In mezzo ai peana della stampa e del barnum mediatico che ruota attorno al mondo milanista (e non solo) salta fuori finalmente una voce fuori dal coro, quella di un ex pizzaiolo campano che ha fatto le fortune come mercante di calciatori in Olanda, un tale Carmine Raiola che agli inizi del 2015 così si esprime su Mastour: “C’è troppo circo attorno a lui” fino ad ingaggiare un vero e proprio duello a distanza con il procuratore del baby fenomeno, reo di “pompare” troppo il proprio assistito. Polemiche pretestuose perché nel giro di pochi mesi Mastour abbandonerà Paolillo e si getterà calorosamente tra le braccia dell’ex pizzaiolo…
Nell’agosto 2015, quando in molti (boccaloni) si aspettavano una consacrazione di Mastour in Prima Squadra arriva la svolta: il bimbo prodigio viene ceduto con un prestito con diritto di riscatto al Malaga dove gioca solo cinque giri di lancette d’orologio in un’intera stagione! Ritornato come un pacco postale a Milano, Mastour nell’estate 2016 viene ceduto in prestito allo Zwolle, club olandese satellite della Galassia Raiola, dove nonostante gli apprezzamenti del proprio tecnico, gioca appena cinque partite. Da cinque minuti in Spagna a cinque partite in Olanda, l’upgrade per il “mago delle skills” c’è tutto comunque…

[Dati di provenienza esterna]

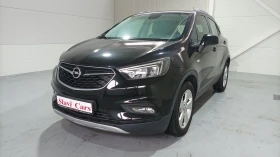     Opel Mokka X 1.6i 127.000 km !!!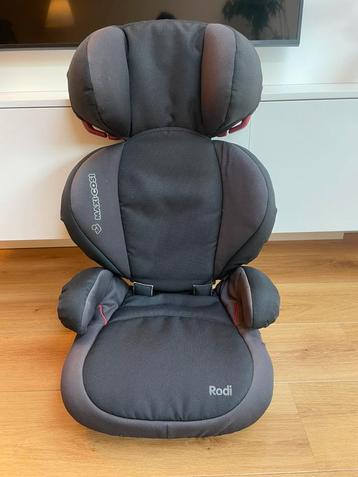 In nette staat! Maxi Cosi Rodi van 3,5- 12 jaar beschikbaar voor biedingen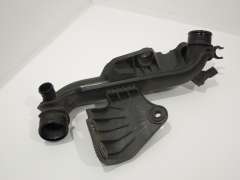 Audi A4 B8 1.8T 2.0 TDi Upper Turbo Pressure Hose Air Pipe 8K0145673M (Item #469512) 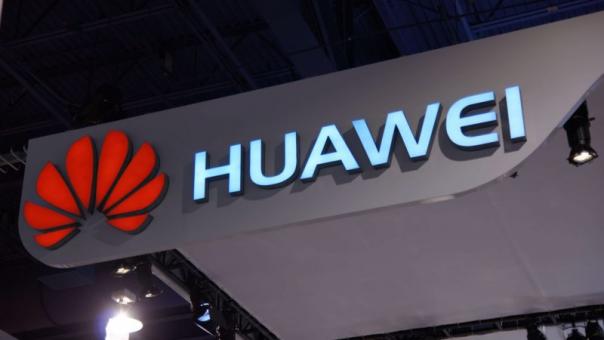 Huawei представила устройство для создания резервных копий данных со встроенным зарядником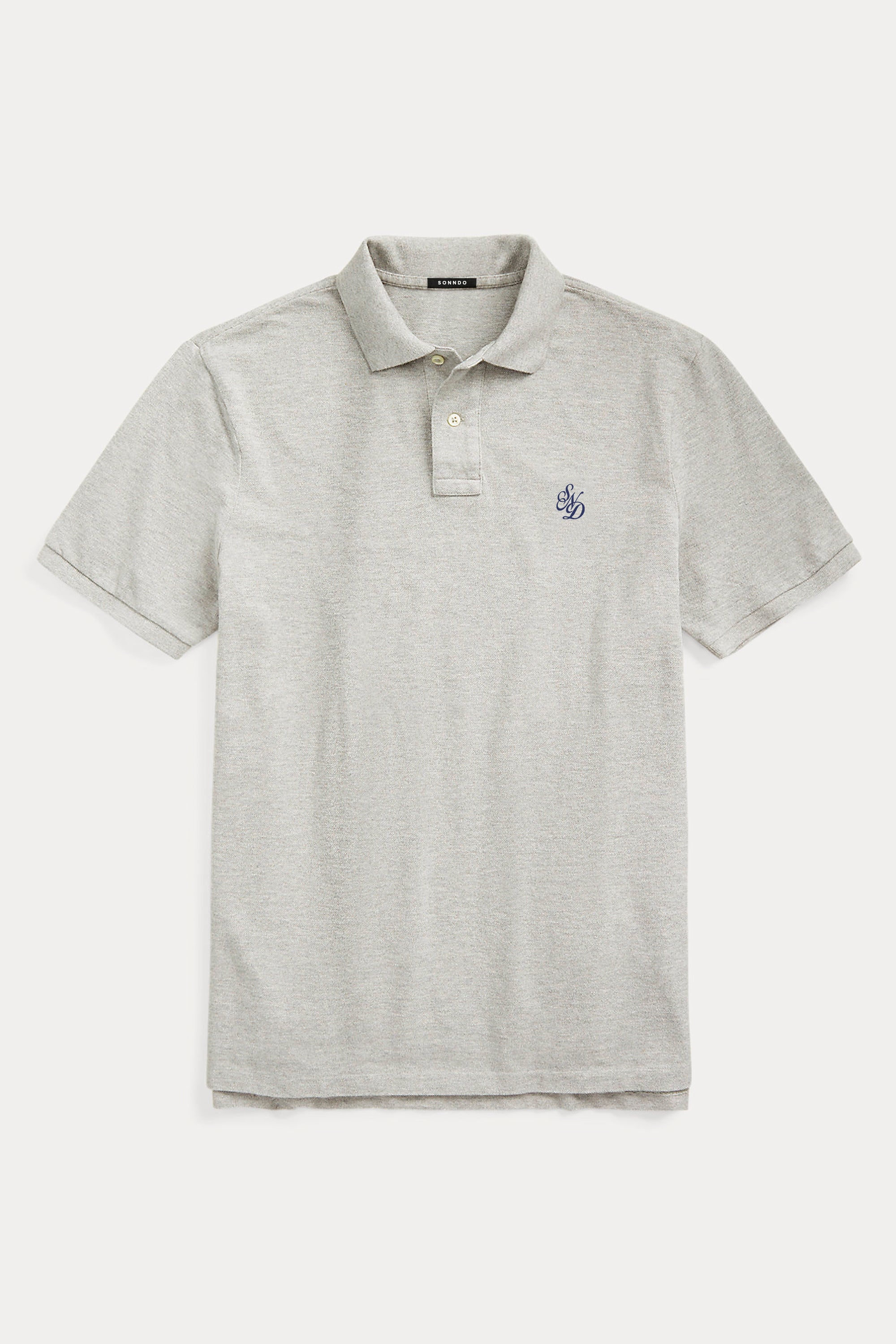 Camiseta Polo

Con il primo luglio 2017 Hachim Mastour diventa definitivamente svincolato: il Milan l’ha scaricato come un sacco nero pieno di immondizia e nessuna squadra, grande o piccola, si è avvicinata a questo ragazzo che non ha ancora compiuto vent’anni. La storia di mastour non è solo l’emblema di un “sogno mancato” ma anche di quanto sia diventato grottesco, irreale e alienante il mondo del pallone. Già, sono bastate un paio di “skills” su YouTube per creare ad hoc una gigantesca bolla di sapone che poi è esplosa inevitabilmente ai primi contatti con la realtà. Il calcio si sta trasformando sempre di più in una gigantesca fabbrica della menzogna che, complici media asserviti, sta arricchendo sempre i soliti noti oltre che far diventare il gioco più popolare del mondo come una sorta di barzelletta che non fa più ridere nessuno.